GPS

This is my fifth blog post on the subject of #NoEstimates. You can find the previous ones here:

Some of them have ”stirred up some dust” in the agile community. In fact, other people have wrote their own blog posts based on them.

””GPS””

GPS

To continue the analogy of indicators found in a normal car, the time has now come to the GPS (Global Positioning System). What is the primary function of a GPS? It’s of course that it can tell you exactly where you are. Wouldn’t that be great to have in software development? My experience is that the ”accuracy” of our current location can be uncertain at times. For example if we are working to fix a critical bug. We don’t know if we can fix it in one hour or one day. To be fair, not even the GPS has exact precision (accuracy is in theory 15 meters for civil GPS:es).

The second big thing with a GPS is that you can give it a destination and it will plan a route to get there from where you are. You can even choose if you want to go the shortest of fastest way! Recently we went on a trip by car to the northern parts of Sweden to go skiing for a weekend. We drove along and the GPS told us things like:

  • How far we have gone (from our starting point)
  • At what speed we where going
  • How far it was to the destination
  • The estimated time of arrival at the destination

On the car trip a thing I haven’t really thought about popped into my mind. After a while we turned into a new road that was not in the GPS, and it got confused. It started to say that we should turn back, but after a short while it ”accepted the fact” and said ”Re-planning the route”. Then it struck me, this would be a great function to have in software development! To a) know where you are and b) have the possibility at a low effort re-plan the route, if and when, we hit upon an obstacle in our journey. To me this is what agile is all about, to have the possibility to adapt and constantly re-plan considering reality (i.e, that things change) and not headless trying to stick to an initial plan (like in Waterfall).

SW-GPS

The GPS for software development needs to be able to answer these four questions:

  • Where are you?
  • At what capacity are you operating right now (speedometer)?
  • What is your destination?
  • How to get there?

I you have all that, it’s pretty simple to re-plan the route, don’t you think?

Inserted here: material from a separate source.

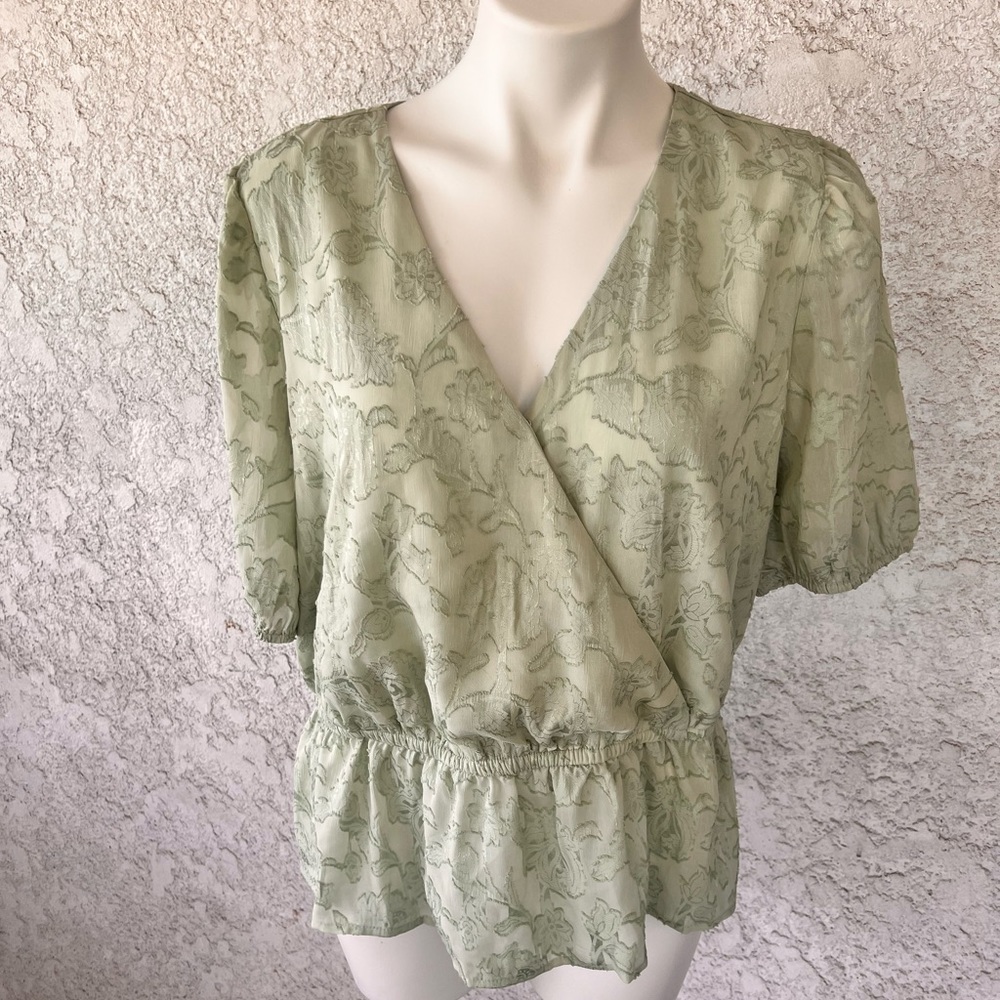 Melloday woman’s X-large neck half sleeve green top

There is one more thing that you have to consider for your SW-GPS and that is what accuracy it should have. There is a decision to make here:

  • High accuracy – If you want to have high accuracy, the effort (and thereby cost) to re-plan would be high. Maybe your context requires this, you have to commit to firm deadlines that involves penalties if not met (this is not very agile and more like the old Waterfall by the way). To be able to be more precise, a GPS needs to have contact with several satellites. In the case of a SW-GPS it would mean a lot of metrics and check-points and a fair amount of work to be able to produce a re-plan of the route.
  • Medium accuracy – You want to be able to predict, and you have the data that you need easily at hand. Giving promises regarding time, you are allowed to use a span.
  • Low accuracy – Maybe you already have high organizational trust and predicability in your deliveries? Maybe you don’t need to make commitments in time at all? Congratulations, you are truly agile! Your need for a SW-GPS is little, use it to set out the direction where you want to go, and check with regular intervals that you are on track. You don’t want to make a U-turn do you? 🙂

For most of us I think, we can use medium accuracy.

Example

To get you inspired, I give you a fictive example on how the SW-GPS could work. Assume that we have a project with 100 tasks. 30 of them are 100% completed, meaning implemented and tested and delivered to a production like environment. They don’t add any technical dept (and if they do, the dept is known, and there is a plan to fix it later after this project). The current capacity is 10 tasks/week.

Let’s check the SW-GPS:

  • Where are we? 30 of 100
  • At what capacity are we operating? 10 tasks/week
  • What is our destination? 100 of 100
  • How do we get there? Complete 70 more
  • When do we get there? Approximately 6 – 8 weeks

On our journey we now hit an obstacle. Original plan was to ”go right” towards the destination, but that is not possible. We have to ”go left” on a longer road. We anticipate the road to be 10 tasks longer. What could this be in real life? Maybe we hit a performance problem and have to re-write old code.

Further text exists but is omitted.